第98回_KCマーキング貼付にはCEマーキングと同様に規制物質への適合確認が必要なのでしょうか?
KCマーキングの適合確認では、対象となる製品の危険度により、
1. KCマーキングが不必要なもの
・後述する24の法定義務認証制度の対象外の品目
・「安全基準遵守対象生活用品」(2018年7月から)
・定められた条件の下、並行輸入業者や個人向け購買代行業者に対して
2. 認証された適合性評価機関で適合確認されたKCマーキングが必要なもの
・後述する24の法定義務認証制度の対象品目
に分かれます。KCマーキングは、すべて認証された適合性評価機関で認証を受ける必要があります。
一方、CEマーキングの適合確認は、対象となる製品の危険度により、
1.CEマーキングが不必要なもの
2.自己宣言によるEU適合宣言書(EU Declaration of Conformity)の作成、または、加盟国の認定を受けた第三者認証機関(Notified Body : NB)による適合確認のどちらかがあればよいもの
3.NBによる適合確認が必要なもの
に分かれます。CEマーキングでは、2.のように、NBによる適合確認ではなくても、自社内で適合確認する自己宣言でよい場合があります。
以下、詳しく説明します。
韓国では、かつては合計70以上の法定義務認証制度があり、同じ「製品安全」でも、省庁ごとに認証マークが異なり、重複して認証が必要でした。
2009年に2省庁10個の法定義務認証マークを国家統合認証マーク(KCマーク)ひとつに統合しました。
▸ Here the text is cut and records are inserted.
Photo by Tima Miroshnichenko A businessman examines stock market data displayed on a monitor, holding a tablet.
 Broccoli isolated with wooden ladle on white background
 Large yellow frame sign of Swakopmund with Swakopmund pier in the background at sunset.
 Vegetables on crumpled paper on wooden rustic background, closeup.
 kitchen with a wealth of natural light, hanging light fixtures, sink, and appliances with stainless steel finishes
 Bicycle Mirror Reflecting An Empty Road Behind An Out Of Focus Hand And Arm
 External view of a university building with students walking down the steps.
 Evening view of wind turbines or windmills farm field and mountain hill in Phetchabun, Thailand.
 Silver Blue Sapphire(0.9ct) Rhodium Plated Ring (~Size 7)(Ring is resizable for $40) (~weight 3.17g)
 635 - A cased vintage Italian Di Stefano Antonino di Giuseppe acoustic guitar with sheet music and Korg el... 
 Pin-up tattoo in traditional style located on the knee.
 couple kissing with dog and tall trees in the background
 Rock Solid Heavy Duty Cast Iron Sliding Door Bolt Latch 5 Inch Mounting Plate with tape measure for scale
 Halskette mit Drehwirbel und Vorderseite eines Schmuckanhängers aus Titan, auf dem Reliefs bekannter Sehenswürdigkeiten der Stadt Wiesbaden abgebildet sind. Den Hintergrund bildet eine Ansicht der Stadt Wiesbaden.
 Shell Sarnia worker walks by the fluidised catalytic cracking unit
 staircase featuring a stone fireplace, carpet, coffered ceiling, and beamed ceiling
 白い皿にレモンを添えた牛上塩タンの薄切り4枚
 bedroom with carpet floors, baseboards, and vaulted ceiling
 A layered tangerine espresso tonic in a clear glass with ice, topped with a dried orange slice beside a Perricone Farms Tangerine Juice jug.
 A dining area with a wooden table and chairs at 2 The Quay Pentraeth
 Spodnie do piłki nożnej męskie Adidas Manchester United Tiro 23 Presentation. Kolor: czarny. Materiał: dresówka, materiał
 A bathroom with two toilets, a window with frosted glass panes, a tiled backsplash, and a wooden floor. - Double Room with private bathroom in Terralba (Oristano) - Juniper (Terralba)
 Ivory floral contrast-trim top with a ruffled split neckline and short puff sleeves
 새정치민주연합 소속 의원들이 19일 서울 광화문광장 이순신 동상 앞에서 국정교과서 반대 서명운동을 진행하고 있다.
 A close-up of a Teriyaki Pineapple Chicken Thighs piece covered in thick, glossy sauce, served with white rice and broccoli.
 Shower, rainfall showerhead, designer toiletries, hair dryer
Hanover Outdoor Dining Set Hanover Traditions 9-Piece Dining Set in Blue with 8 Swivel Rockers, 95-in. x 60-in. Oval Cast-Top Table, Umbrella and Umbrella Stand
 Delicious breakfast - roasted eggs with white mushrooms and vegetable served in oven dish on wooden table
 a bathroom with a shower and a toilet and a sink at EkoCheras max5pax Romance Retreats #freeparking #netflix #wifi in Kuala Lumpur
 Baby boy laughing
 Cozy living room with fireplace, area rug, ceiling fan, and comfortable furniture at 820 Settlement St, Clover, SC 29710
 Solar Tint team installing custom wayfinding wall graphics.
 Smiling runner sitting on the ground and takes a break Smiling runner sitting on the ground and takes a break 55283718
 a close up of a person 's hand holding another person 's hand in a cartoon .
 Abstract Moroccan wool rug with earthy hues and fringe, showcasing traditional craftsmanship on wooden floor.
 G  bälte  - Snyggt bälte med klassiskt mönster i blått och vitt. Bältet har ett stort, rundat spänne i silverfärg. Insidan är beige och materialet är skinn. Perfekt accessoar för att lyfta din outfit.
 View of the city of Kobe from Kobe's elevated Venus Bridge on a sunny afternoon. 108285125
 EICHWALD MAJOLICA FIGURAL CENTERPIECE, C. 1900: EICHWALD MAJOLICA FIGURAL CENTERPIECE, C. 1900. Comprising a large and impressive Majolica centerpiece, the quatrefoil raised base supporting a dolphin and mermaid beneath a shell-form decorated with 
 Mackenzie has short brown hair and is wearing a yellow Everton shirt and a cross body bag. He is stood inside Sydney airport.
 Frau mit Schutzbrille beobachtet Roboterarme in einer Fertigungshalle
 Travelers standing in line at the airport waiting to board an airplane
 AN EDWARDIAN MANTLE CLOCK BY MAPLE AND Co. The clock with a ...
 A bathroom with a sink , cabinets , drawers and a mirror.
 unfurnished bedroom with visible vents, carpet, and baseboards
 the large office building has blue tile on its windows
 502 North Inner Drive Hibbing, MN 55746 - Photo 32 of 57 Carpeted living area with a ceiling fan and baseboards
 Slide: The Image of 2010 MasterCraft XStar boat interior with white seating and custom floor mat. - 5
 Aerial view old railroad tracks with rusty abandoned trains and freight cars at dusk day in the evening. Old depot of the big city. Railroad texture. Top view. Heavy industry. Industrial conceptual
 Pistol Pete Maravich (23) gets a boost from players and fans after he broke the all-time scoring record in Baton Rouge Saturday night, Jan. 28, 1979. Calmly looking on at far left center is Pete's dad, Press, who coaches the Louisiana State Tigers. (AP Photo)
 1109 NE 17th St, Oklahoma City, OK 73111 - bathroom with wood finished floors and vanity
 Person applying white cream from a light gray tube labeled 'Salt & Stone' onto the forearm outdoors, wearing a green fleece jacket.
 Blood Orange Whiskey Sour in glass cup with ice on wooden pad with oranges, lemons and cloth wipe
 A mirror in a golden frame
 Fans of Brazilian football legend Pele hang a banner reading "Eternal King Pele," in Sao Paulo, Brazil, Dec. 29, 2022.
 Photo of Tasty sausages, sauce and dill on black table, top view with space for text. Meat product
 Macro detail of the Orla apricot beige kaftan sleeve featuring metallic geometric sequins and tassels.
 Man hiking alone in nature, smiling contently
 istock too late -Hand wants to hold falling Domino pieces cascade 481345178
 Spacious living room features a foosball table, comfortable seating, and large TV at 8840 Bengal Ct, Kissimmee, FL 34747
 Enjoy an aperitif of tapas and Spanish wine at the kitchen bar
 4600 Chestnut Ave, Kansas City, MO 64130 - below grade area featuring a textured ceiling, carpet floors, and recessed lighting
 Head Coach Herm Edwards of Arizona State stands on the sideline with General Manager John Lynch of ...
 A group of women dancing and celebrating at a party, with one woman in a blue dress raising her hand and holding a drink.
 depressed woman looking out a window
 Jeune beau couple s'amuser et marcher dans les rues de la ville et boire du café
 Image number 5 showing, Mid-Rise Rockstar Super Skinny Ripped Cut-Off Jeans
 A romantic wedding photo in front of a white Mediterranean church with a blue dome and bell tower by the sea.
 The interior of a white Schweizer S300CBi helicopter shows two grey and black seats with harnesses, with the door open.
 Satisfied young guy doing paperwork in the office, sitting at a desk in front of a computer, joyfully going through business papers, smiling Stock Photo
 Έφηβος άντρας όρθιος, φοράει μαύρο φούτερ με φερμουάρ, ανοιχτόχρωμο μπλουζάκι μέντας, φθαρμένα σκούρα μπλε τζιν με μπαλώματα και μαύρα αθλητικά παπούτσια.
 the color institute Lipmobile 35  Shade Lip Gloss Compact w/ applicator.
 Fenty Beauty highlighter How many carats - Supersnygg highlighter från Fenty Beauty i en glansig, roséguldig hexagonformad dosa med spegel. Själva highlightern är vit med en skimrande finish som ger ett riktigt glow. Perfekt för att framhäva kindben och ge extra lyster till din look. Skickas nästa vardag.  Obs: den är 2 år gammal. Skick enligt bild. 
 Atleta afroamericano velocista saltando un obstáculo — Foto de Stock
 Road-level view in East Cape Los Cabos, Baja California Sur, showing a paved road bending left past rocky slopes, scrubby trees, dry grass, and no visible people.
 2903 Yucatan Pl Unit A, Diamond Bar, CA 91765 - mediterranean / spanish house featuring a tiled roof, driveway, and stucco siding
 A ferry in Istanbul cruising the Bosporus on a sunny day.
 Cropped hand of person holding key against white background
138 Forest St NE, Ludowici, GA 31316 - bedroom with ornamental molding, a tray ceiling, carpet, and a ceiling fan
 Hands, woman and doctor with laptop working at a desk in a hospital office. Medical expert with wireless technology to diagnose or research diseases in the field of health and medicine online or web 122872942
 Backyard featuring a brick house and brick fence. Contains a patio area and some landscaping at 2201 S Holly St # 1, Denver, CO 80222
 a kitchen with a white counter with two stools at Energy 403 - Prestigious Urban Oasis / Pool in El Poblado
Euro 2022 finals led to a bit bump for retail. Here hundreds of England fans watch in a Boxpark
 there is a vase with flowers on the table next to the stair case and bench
その後、11省庁24制度がKCマークを使用しています。
そのため、韓国のKCマーキングのためには、以下の11省庁24の法定義務認証制度の規定すべての適合を確認する必要があります*1)。
番号 所管省 認証制度名 根拠法
1 国家技術標準院 メーター型式承認と黒 計量に関する法律
2 国家技術標準院 生活用品安全管理 電気用品および生活用品安全管理法
3 国家技術標準院 電気用品安全管理 電気用品および生活用品安全管理法
4 国家技術標準院 子供製品の安全管理 子供製品安全特別法
5 産業通商資源部 高圧ガス用製品安全検査 高圧ガス安全管理法
6 産業通商資源部 ガス用品検査 液化石油ガスの安全管理及び事業法
7 産業通商資源部 エネルギー消費効率等級表示 エネルギー利用合理化法
8 国土交通部 自動車および自動車部品の自己認証 自動車管理法
9 国土交通部 耐圧容器取付検査 自動車管理法
10 国土交通部 耐火構造認定 建築法
11 国土交通部 壁の遮音構造を認める 建築法
12 海洋水産部 海洋環境測定機器及び資材・薬剤検定 海洋環境管理法
13 海洋水産部 塩品質検査 塩産業振興法
14 環境省 浄水器品質検査 食べる水管理法
15 環境省 衛生安全基準認証 修道法
16 科学技術情報通信部 放送通信機材適性評価制度 電波法
17 消防庁 消防用品形式承認 消防施設の設置・維持及び安全管理に関する法律
18 消防庁 防炎性能検査 消防施設の設置・維持及び安全管理に関する法律
19 行政安全部 昇降機安全認証 昇降機安全管理法
20 雇用労働部 危険機械機構安全認証 産業安全衛生法
21 雇用労働部 防護装置および保護区の安全認証 産業安全衛生法
22 防衛事業庁 繊維皮複流軍需品KCマーク適用 防衛事業法
23 気象庁 気象測器検定証人 気象観測標準化法
24 気象庁 地震・地震津波・火山の観測機器検定 地震・地震津波・火山の観測および警報に関する法律
KCマーキングの認証は、韓国技術標準院*2)(Korean Agency for Technology and Standards: KATS)が運営する韓国認定機関(KOLAS)が、特定の適合性評価業務を遂行する能力があると認定した適合性評価機関が行います。日本国内には、これらの適合性評価機関と業務提携している認証取得代行機関があります。日本からは代行機関を通じて申請する方法の方が便利だとされています*3)。
*1) 国家統合認証マーク(KC) 韓国:国家技術標準院
https://standard.go.kr/KSCI/crtfcPotIntro/crtfcMarkIntro.do
*2) 韓国技術標準院(Korean Agency for Technology and Standards: KATS)
https://www.kats.go.kr/main.do
*3) KCマーク制度の概要:韓国 ジェトロ(日本貿易振興機構)
https://www.jetro.go.jp/world/qa/04A-011119.html
免責事項:当解説は筆者の知見、認識に基づいてのものであり、特定の会社、公式機関の見解等を代弁するものではありません。法規制解釈のための参考情報です。法規制の内容は各国の公式文書で確認し、弁護士等の法律専門家の判断によるなど、最終的な判断は読者の責任で行ってください。